Thank You Joan: How We Found Our Voices

Talitha Arnold

In the high desert of northern New Mexico, piñon trees are icons of endurance. The sturdy, compact trees can live for centuries in a land of little rain, desert heat, bone-chilling cold, storms, and wind. Piñons grow in the unlikeliest places, clinging to the side of a canyon wall or atop a mesa, unprotected from the elements. 

How do piñons survive and even thrive? Their roots go deep and wrap around the biggest rocks they can find to hold them against the harsh desert landscape. 

The Rev. Joan Bates Forsberg ’53 B.D. knows what it takes to live and serve in unlikely places of ministry. Born in New Jersey, now living in retirement in California, she came to YDS in 1950 as one of ten women admitted under the school’s quota for female students. By policy, none received financial aid. They couldn’t live on campus. The second day of school, Joan and her classmates were welcomed by the dean, who also reminded them they were taking the place of a qualified man, so they should be there to study, not seek a husband. 

Rooted in the Rock of Ages 

As a place of role models for women in ministry, YDS in the 1950s was barren as a desert mesa – no women professors or worship leaders until 1971, when Joan herself joined the staff and ethics professor Margaret Farley became a faculty member. 

Yet Joan says the women students were not alone. “We may not have had role models, but we had the Holy Spirit, and the Spirit helped us live into the new reality of being women called to seminary and into ministry.”1 Joan and her classmates dug deep and wrapped their roots around the rock of their love for God and God’s love for them. 

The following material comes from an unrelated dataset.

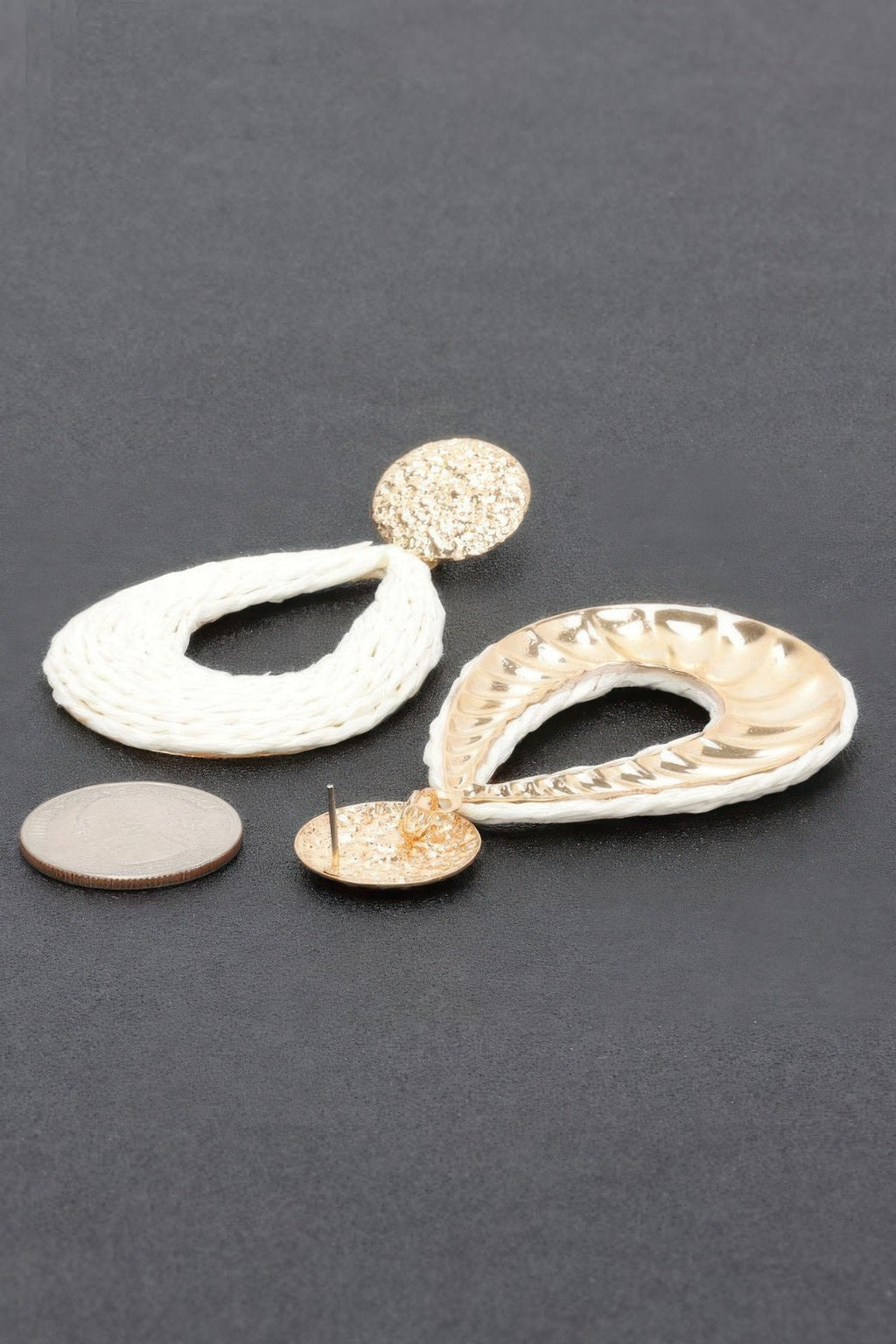 Metal And Paper Earring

Those roots also embraced the other ageless rock of our faith – the love of neighbor. Joan started YDS with plans to become a campus minister. But after graduation, she and her husband Bob Forsberg ’52 B.D. moved from Prospect Street into the housing projects of New Haven to help start an interracial group ministry focused on social and racial justice. Over the next 20 years, they raised three children, advocated for better schools and health for their neighbors, and experienced first-hand the transformation of the civil rights movement into Black Power. 

They shared a covenant of economic equality (their income was the same as their neighbors’) and daily prayer. There were times, Joan acknowledges, when it was overwhelming to be both a mother raising children and a minister dealing with rent control and rat control. Often, “the only thing that got me through the day was knowing that five other people had prayed for me that morning.” As she discovered, love required a faith rooted in God’s love and held in the prayers of others. 

Later, at YDS, she would teach generations of students, both women and men, that same wisdom. 

Job Posting: Women’s Advocate 

In 1971, the 28 women students of YDS told Dean Colin Williams, “We don’t even know what a woman minister looks like. YDS needs women on the faculty.” Out of the blue, the dean called Joan at her New Haven ministry and asked her to fill a new YDS position: Advocate for Women. 

Over the next two decades, Joan helped guide the school through an enrollment surge of women. “Those were the years,” she recalled, “when the Holy Spirit blew open the doors of seminaries and denominations across the country. Women who had heard God’s call – and had been waiting for the church to hear it, too – came pouring in.” Some male faculty accused Joan of “recruiting” female students. “I’m not recruiting,” she answered. “The Holy Spirit is sending them! I just welcome them.”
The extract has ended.